TASK PROMPT
Everything from the line holding "Matador Red Mica" through the end of the records should be printed exactly, apart from the pictures.

DATA IN THIS EXERCISE
┄┄┄┄┄┄┄┄┄┄
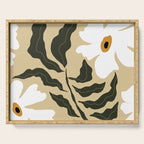 White daisy  Serving Tray Gallery Image 1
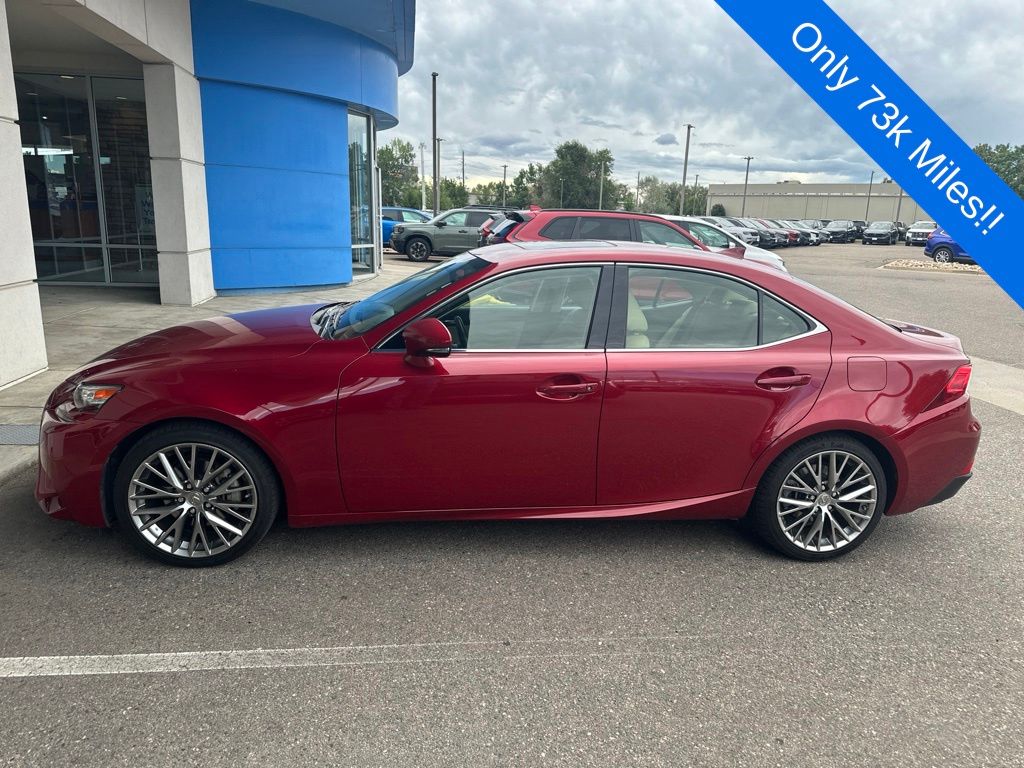 Matador Red Mica 2015 Lexus IS Sedan Rear-Wheel Drive 6-Speed Automatic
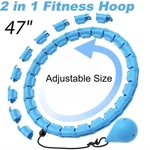 Fitness Hoop Fit Plus Size 47", Weighted Hula Hoops For Adults Weight Loss. Fixed Price $11.99.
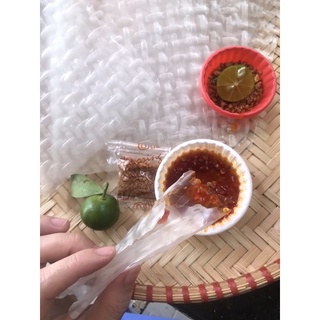 Bánh tráng Sate siêu cay ăn là Thích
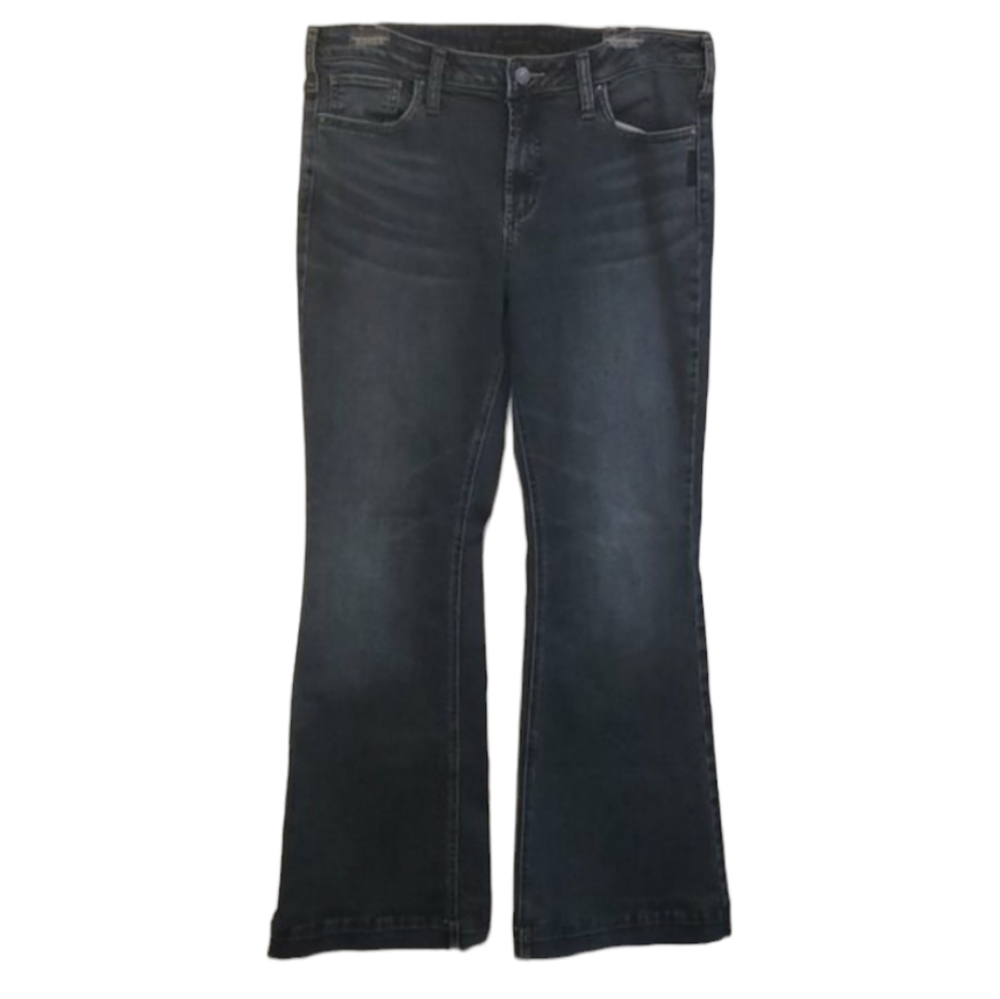 Silver Flare Boot Cut Jeans 33x35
┄┄┄┄┄┄┄┄┄┄
WRITTEN SOLUTION
 Matador Red Mica 2015 Lexus IS Sedan Rear-Wheel Drive 6-Speed Automatic
 Fitness Hoop Fit Plus Size 47", Weighted Hula Hoops For Adults Weight Loss. Fixed Price $11.99.
 Bánh tráng Sate siêu cay ăn là Thích
 Silver Flare Boot Cut Jeans 33x35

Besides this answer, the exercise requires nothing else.